WHAT TO DO >> In the entries below, find the line with "96 Laurentide Dr" and the line with "Der CDU-Landesvorsitzende Dennis". Return those two lines and all lines between them, exactly.

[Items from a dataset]
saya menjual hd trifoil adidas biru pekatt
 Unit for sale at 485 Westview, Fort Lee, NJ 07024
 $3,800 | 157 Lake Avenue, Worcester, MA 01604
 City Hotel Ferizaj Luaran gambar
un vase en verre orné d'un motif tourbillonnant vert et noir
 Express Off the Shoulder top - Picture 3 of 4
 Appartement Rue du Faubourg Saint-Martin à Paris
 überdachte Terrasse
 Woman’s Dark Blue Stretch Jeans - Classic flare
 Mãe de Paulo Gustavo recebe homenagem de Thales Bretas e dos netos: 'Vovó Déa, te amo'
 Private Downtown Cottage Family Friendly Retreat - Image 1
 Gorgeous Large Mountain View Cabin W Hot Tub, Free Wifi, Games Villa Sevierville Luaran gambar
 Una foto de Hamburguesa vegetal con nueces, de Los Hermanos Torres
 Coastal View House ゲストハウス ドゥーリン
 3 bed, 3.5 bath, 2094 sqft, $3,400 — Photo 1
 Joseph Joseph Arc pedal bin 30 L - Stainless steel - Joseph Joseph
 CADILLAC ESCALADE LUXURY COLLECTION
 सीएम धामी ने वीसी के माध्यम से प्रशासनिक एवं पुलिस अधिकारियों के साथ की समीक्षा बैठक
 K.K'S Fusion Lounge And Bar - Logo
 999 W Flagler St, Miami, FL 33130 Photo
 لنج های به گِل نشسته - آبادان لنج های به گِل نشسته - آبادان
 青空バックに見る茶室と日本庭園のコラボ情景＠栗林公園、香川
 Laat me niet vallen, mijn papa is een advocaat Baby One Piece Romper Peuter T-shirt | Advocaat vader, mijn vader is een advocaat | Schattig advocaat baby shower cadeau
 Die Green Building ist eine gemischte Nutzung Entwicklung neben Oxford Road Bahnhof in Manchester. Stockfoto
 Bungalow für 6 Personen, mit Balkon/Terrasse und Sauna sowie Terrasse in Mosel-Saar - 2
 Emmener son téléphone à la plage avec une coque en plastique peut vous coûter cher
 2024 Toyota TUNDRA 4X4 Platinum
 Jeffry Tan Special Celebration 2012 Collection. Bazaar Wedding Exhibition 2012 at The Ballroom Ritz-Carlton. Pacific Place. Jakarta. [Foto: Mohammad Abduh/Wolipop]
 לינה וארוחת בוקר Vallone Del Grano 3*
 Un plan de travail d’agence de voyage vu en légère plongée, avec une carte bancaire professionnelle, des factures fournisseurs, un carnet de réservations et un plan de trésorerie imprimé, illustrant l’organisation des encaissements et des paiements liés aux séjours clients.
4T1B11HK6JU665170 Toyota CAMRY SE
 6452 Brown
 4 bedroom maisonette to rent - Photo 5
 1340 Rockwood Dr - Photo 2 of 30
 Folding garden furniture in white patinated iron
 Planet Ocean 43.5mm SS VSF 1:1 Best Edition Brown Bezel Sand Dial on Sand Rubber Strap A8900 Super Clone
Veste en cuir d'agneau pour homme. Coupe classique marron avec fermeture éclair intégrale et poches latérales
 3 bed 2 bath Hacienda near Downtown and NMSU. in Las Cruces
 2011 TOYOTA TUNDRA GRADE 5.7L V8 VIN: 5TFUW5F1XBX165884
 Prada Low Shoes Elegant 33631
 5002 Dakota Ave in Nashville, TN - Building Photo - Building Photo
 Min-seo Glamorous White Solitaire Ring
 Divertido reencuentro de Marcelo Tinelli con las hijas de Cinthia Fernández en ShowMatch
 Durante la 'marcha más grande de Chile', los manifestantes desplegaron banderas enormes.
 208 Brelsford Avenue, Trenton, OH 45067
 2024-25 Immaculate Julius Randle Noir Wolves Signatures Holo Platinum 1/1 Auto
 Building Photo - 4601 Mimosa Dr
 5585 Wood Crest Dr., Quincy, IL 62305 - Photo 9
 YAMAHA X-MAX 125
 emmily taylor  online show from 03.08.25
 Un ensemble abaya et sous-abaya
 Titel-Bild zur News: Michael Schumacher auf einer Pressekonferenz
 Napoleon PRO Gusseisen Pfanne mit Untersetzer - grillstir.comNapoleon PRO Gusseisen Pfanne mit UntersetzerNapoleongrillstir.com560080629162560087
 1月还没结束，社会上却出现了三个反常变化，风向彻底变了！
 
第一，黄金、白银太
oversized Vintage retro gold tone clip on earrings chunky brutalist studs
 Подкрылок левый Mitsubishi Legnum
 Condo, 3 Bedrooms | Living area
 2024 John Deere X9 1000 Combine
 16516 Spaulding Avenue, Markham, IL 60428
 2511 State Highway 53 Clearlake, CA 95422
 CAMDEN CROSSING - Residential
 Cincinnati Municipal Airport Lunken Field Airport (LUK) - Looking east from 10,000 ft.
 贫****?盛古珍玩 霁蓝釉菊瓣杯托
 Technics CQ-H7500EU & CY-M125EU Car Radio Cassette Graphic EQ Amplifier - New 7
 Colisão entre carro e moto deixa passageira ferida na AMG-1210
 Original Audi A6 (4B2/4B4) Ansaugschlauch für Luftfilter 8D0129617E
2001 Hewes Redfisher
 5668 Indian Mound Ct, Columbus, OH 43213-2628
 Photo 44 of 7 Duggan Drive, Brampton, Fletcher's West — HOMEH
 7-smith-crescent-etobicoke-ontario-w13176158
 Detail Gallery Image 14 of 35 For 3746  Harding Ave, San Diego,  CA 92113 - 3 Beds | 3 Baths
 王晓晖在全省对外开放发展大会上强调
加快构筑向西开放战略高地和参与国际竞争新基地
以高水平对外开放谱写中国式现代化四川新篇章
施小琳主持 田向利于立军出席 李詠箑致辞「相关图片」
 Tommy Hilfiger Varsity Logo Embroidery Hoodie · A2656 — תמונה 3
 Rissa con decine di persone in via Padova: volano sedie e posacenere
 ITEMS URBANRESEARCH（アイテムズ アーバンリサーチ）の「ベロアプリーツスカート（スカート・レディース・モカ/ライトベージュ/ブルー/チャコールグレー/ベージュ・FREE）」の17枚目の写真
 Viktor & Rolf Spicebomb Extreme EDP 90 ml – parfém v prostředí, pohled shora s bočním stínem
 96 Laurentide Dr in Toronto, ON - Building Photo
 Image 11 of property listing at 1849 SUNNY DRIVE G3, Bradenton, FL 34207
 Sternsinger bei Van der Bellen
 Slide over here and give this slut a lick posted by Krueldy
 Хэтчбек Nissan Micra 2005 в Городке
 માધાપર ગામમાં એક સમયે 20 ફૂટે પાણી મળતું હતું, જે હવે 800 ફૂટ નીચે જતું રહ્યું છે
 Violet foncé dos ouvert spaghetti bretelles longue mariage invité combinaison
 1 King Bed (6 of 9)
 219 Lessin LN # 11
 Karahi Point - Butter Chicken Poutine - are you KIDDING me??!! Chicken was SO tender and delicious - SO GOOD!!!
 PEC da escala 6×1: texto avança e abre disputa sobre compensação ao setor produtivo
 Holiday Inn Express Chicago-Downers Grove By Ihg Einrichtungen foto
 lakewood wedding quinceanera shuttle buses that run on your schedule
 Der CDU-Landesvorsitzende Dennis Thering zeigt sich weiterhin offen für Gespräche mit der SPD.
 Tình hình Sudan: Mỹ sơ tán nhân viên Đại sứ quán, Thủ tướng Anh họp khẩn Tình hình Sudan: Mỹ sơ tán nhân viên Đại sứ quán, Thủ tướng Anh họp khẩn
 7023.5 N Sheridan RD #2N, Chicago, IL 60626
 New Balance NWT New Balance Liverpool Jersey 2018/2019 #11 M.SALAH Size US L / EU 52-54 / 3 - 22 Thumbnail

THE ANSWER >>
 96 Laurentide Dr in Toronto, ON - Building Photo
 Image 11 of property listing at 1849 SUNNY DRIVE G3, Bradenton, FL 34207
 Sternsinger bei Van der Bellen
 Slide over here and give this slut a lick posted by Krueldy
 Хэтчбек Nissan Micra 2005 в Городке
 માધાપર ગામમાં એક સમયે 20 ફૂટે પાણી મળતું હતું, જે હવે 800 ફૂટ નીચે જતું રહ્યું છે
 Violet foncé dos ouvert spaghetti bretelles longue mariage invité combinaison
 1 King Bed (6 of 9)
 219 Lessin LN # 11
 Karahi Point - Butter Chicken Poutine - are you KIDDING me??!! Chicken was SO tender and delicious - SO GOOD!!!
 PEC da escala 6×1: texto avança e abre disputa sobre compensação ao setor produtivo
 Holiday Inn Express Chicago-Downers Grove By Ihg Einrichtungen foto
 lakewood wedding quinceanera shuttle buses that run on your schedule
 Der CDU-Landesvorsitzende Dennis Thering zeigt sich weiterhin offen für Gespräche mit der SPD.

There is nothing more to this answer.